### DATA TO USE
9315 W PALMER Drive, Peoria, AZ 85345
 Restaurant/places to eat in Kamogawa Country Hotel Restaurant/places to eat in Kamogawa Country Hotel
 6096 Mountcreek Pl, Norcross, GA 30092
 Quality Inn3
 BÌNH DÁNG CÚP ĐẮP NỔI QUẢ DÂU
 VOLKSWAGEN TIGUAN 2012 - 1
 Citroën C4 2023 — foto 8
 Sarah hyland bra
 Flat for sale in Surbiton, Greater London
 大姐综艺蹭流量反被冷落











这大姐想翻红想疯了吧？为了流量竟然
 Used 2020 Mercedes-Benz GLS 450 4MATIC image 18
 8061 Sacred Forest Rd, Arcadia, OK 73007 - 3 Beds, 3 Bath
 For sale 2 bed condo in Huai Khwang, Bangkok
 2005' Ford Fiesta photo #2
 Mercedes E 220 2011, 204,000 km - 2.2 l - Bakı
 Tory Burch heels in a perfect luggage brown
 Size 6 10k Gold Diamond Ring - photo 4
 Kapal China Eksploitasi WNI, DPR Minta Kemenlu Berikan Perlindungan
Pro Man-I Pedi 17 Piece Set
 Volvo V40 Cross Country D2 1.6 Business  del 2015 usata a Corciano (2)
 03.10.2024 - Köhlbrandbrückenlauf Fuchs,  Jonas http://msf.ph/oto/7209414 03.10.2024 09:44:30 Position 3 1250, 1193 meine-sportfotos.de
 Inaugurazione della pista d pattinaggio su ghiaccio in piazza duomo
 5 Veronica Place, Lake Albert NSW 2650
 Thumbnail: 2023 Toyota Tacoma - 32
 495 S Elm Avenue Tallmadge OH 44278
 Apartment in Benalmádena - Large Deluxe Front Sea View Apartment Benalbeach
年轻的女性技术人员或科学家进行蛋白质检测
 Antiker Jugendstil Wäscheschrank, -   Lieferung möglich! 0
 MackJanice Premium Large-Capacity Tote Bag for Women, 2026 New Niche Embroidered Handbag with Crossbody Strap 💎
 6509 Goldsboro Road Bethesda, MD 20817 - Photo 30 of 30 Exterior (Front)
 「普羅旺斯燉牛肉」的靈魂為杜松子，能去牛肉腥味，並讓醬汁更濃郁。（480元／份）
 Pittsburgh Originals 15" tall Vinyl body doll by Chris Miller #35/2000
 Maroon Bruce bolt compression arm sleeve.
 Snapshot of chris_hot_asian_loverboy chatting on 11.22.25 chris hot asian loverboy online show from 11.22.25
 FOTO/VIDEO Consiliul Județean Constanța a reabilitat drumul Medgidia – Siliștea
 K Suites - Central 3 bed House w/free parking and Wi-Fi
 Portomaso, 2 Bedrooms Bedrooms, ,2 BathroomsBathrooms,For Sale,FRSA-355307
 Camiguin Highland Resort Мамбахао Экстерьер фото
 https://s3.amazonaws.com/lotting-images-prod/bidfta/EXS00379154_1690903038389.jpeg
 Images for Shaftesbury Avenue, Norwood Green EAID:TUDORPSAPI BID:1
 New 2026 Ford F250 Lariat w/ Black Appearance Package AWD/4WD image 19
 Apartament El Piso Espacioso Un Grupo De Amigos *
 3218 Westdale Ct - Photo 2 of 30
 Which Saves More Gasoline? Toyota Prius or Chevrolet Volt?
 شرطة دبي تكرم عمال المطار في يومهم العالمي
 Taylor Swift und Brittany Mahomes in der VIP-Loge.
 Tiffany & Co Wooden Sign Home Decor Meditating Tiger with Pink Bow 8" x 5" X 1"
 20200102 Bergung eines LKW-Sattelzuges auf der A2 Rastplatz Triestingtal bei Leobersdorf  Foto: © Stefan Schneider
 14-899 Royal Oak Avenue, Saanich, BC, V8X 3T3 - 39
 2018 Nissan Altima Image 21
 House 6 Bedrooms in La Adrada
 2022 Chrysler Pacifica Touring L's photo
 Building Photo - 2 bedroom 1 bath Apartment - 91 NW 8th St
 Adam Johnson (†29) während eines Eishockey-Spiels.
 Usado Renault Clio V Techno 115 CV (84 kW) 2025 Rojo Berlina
######
ASSIGNED TASK »
What are the lines, exactly as written above, from the line with "BÌNH DÁNG CÚP ĐẮP NỔI QUẢ DÂU" to the line with "K Suites - Central", both included? Output only those.

OUTPUT »
 BÌNH DÁNG CÚP ĐẮP NỔI QUẢ DÂU
 VOLKSWAGEN TIGUAN 2012 - 1
 Citroën C4 2023 — foto 8
 Sarah hyland bra
 Flat for sale in Surbiton, Greater London
 大姐综艺蹭流量反被冷落











这大姐想翻红想疯了吧？为了流量竟然
 Used 2020 Mercedes-Benz GLS 450 4MATIC image 18
 8061 Sacred Forest Rd, Arcadia, OK 73007 - 3 Beds, 3 Bath
 For sale 2 bed condo in Huai Khwang, Bangkok
 2005' Ford Fiesta photo #2
 Mercedes E 220 2011, 204,000 km - 2.2 l - Bakı
 Tory Burch heels in a perfect luggage brown
 Size 6 10k Gold Diamond Ring - photo 4
 Kapal China Eksploitasi WNI, DPR Minta Kemenlu Berikan Perlindungan
Pro Man-I Pedi 17 Piece Set
 Volvo V40 Cross Country D2 1.6 Business  del 2015 usata a Corciano (2)
 03.10.2024 - Köhlbrandbrückenlauf Fuchs,  Jonas http://msf.ph/oto/7209414 03.10.2024 09:44:30 Position 3 1250, 1193 meine-sportfotos.de
 Inaugurazione della pista d pattinaggio su ghiaccio in piazza duomo
 5 Veronica Place, Lake Albert NSW 2650
 Thumbnail: 2023 Toyota Tacoma - 32
 495 S Elm Avenue Tallmadge OH 44278
 Apartment in Benalmádena - Large Deluxe Front Sea View Apartment Benalbeach
年轻的女性技术人员或科学家进行蛋白质检测
 Antiker Jugendstil Wäscheschrank, -   Lieferung möglich! 0
 MackJanice Premium Large-Capacity Tote Bag for Women, 2026 New Niche Embroidered Handbag with Crossbody Strap 💎
 6509 Goldsboro Road Bethesda, MD 20817 - Photo 30 of 30 Exterior (Front)
 「普羅旺斯燉牛肉」的靈魂為杜松子，能去牛肉腥味，並讓醬汁更濃郁。（480元／份）
 Pittsburgh Originals 15" tall Vinyl body doll by Chris Miller #35/2000
 Maroon Bruce bolt compression arm sleeve.
 Snapshot of chris_hot_asian_loverboy chatting on 11.22.25 chris hot asian loverboy online show from 11.22.25
 FOTO/VIDEO Consiliul Județean Constanța a reabilitat drumul Medgidia – Siliștea
 K Suites - Central 3 bed House w/free parking and Wi-Fi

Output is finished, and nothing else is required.